Entre Cédric Pescia et Nurit Stark, la complicité ne date pas d’hier. «Ça fait plus de 20 ans que l’on joue ensemble», glisse le pianiste avec le sourire. Dimanche, à la salle Trocmé, le duo proposera un programme singulier. Une série de concerts récemment lancée à Genève, avec un choix d’œuvres de Debussy à György Kurtág, un répertoire qui mêle lyrisme incroyable, passion et même violence , reflet d’une époque marquée, notamment autour de 1915.
Le concert mettra en lumière la relation particulière entre piano et violon. «Ce ne sont pas deux sons qui sont forcément compatibles à première vue», relève Cédric Pescia.
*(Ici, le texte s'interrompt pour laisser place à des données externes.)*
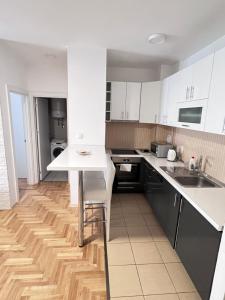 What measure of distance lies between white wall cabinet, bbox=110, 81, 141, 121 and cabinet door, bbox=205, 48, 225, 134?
5.34 ft

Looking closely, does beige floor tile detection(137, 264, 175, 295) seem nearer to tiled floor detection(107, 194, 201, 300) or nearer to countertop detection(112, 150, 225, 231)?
tiled floor detection(107, 194, 201, 300)

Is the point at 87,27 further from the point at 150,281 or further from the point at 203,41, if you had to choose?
the point at 150,281

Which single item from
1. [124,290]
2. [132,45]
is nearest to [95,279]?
[124,290]

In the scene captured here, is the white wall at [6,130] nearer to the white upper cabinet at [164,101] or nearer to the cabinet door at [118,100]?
the cabinet door at [118,100]

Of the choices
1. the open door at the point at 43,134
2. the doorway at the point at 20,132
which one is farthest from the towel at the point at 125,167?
the doorway at the point at 20,132

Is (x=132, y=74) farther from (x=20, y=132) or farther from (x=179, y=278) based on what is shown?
(x=179, y=278)

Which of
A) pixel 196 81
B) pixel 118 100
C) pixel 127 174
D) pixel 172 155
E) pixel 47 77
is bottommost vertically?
pixel 127 174

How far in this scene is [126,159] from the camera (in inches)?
128

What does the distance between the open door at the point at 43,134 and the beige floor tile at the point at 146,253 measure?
2953mm

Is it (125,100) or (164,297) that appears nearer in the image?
(164,297)

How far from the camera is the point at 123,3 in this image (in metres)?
1.53

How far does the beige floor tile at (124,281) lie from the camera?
5.37 feet

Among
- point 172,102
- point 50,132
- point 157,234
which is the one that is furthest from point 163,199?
point 50,132

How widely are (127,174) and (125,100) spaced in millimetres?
1387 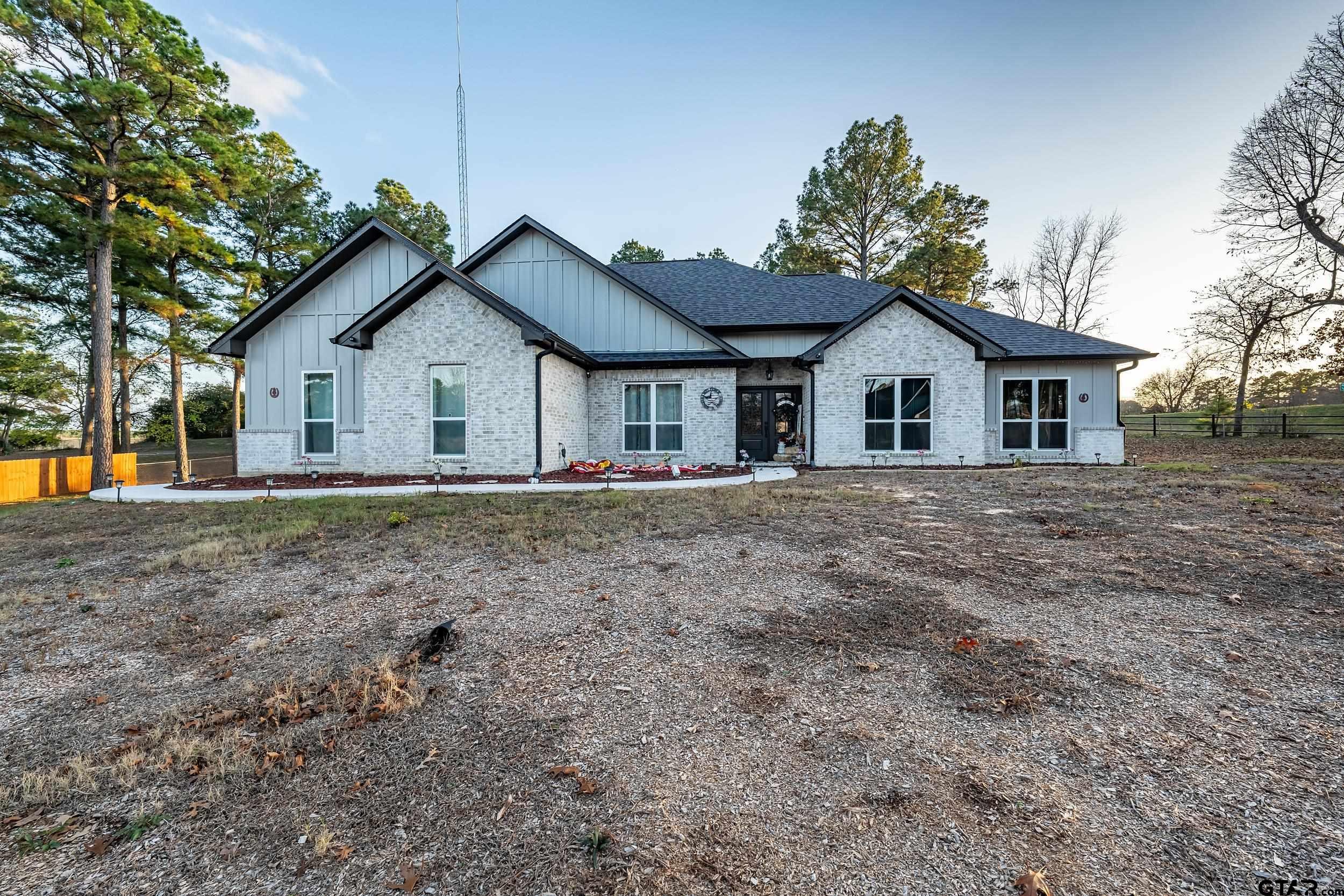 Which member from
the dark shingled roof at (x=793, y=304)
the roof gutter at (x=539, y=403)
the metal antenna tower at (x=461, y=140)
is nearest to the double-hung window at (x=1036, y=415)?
the dark shingled roof at (x=793, y=304)

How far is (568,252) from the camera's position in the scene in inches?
571

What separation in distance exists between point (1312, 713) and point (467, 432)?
12154 mm

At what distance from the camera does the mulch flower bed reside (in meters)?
10.8

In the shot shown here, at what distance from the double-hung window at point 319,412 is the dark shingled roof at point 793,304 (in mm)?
8506

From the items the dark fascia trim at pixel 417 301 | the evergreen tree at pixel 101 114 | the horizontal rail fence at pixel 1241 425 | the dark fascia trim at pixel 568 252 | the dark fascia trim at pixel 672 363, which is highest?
the evergreen tree at pixel 101 114

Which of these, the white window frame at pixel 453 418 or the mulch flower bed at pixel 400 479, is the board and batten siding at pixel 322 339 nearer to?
the mulch flower bed at pixel 400 479

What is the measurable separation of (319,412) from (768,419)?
40.0ft

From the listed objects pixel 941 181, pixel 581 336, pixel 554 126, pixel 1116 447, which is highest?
pixel 941 181

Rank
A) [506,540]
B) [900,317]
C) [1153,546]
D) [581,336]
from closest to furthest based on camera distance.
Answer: [1153,546] < [506,540] < [900,317] < [581,336]

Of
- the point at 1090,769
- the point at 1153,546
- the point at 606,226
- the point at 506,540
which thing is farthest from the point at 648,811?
the point at 606,226

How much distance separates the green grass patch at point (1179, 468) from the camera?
12.1 m

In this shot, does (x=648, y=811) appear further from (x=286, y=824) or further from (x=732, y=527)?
(x=732, y=527)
Un dialogue entre deux instruments
Le pianiste insiste sur la différence physique entre les instruments: «Il y a un marteau entre moi et la corde», alors que le violoniste est «directement en contact avec les vibrations». Tout l’enjeu réside dans cette rencontre. Comment un violon et un piano peuvent cohabiter, peuvent chanter ensemble, peuvent se disputer éventuellement? Réponse, avec la passion.
Dimanche, à 17h, le public genevois est invité à partager ce «voyage incroyable», entre époques, styles et émotions.